| About this task |
Copy out all of the lines below exactly; the pictures do not belong in the copy.
═══ Source data ═══
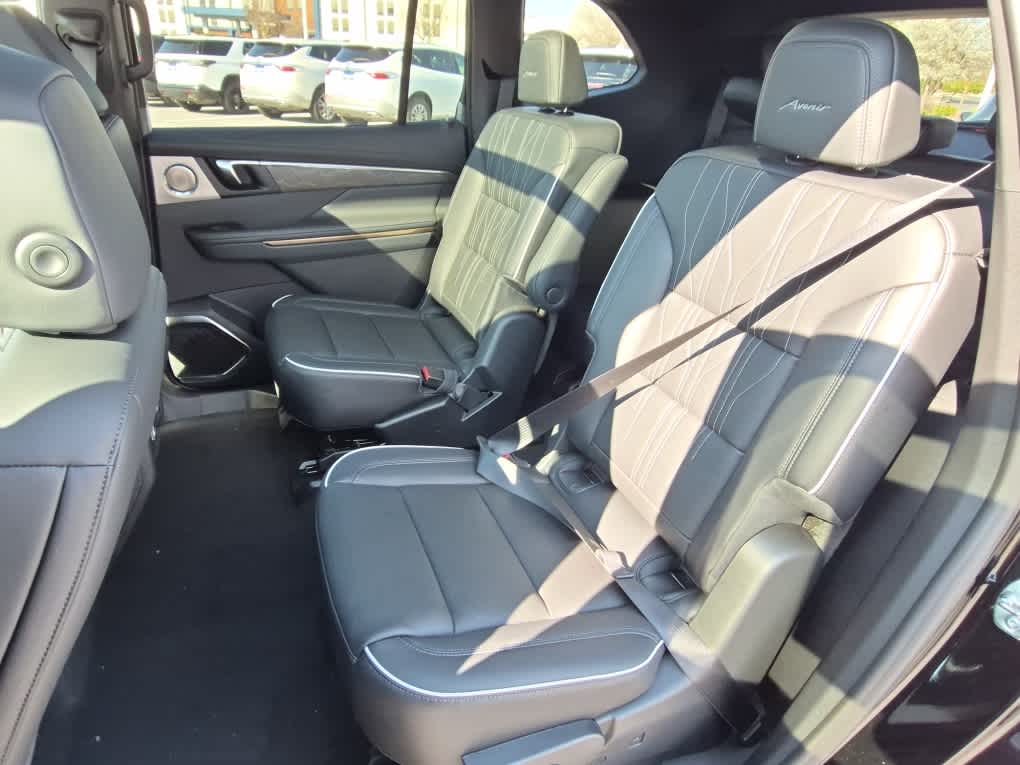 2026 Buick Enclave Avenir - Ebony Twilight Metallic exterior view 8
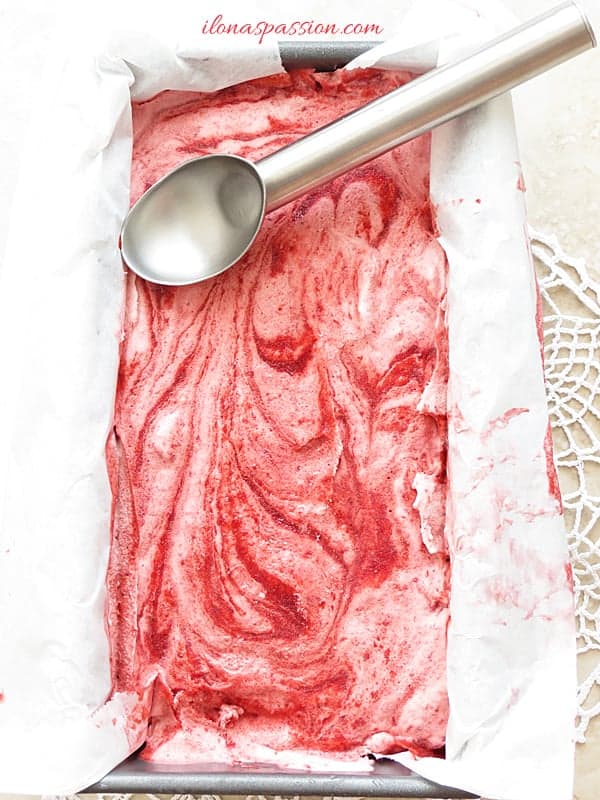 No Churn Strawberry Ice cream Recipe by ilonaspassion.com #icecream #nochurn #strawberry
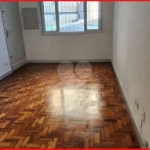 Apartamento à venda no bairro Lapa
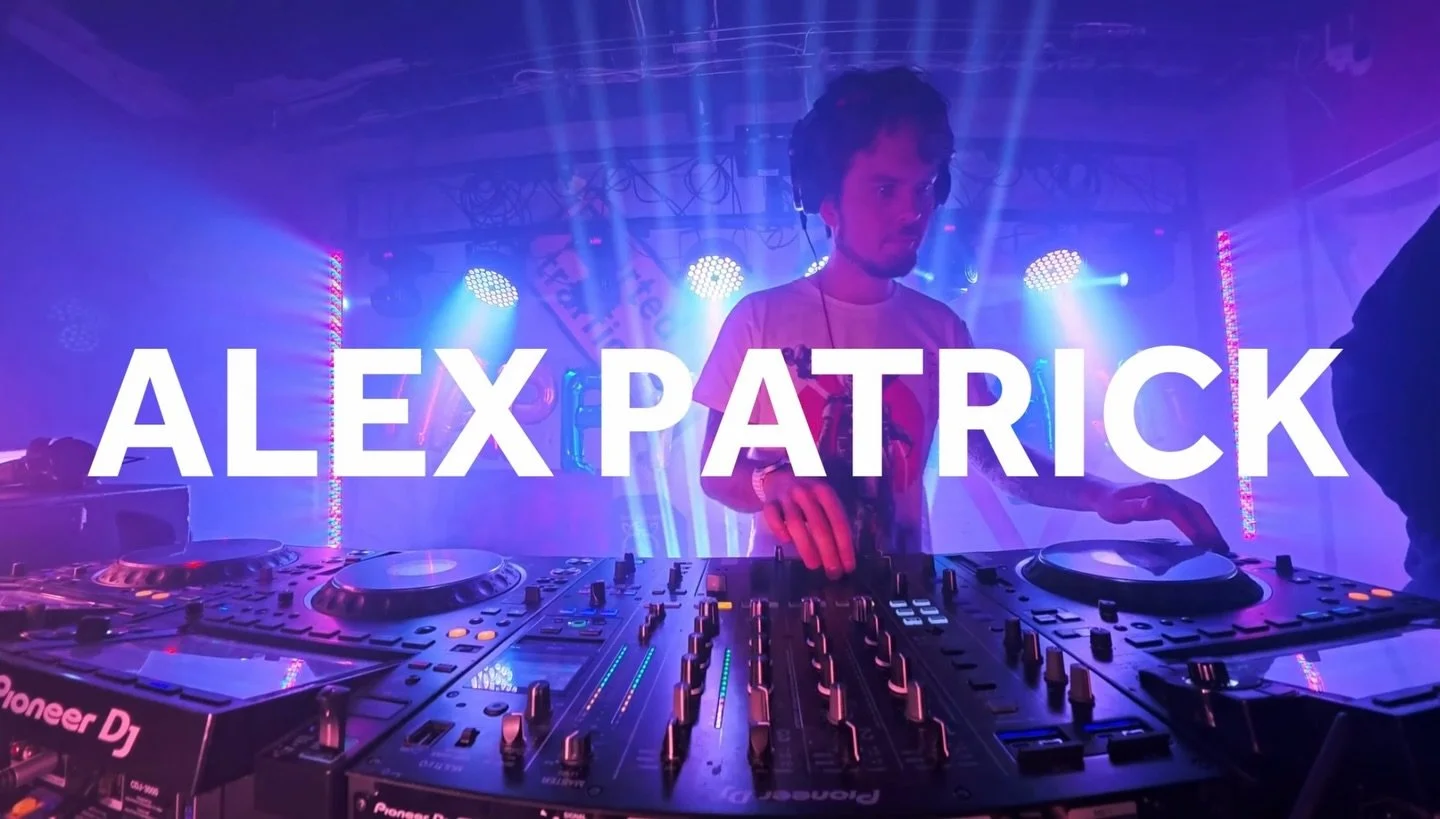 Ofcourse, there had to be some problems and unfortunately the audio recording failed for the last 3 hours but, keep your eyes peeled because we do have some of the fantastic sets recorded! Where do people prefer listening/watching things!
═══
| Response box |
 2026 Buick Enclave Avenir - Ebony Twilight Metallic exterior view 8
 No Churn Strawberry Ice cream Recipe by ilonaspassion.com #icecream #nochurn #strawberry
 Apartamento à venda no bairro Lapa
 Ofcourse, there had to be some problems and unfortunately the audio recording failed for the last 3 hours but, keep your eyes peeled because we do have some of the fantastic sets recorded! Where do people prefer listening/watching things!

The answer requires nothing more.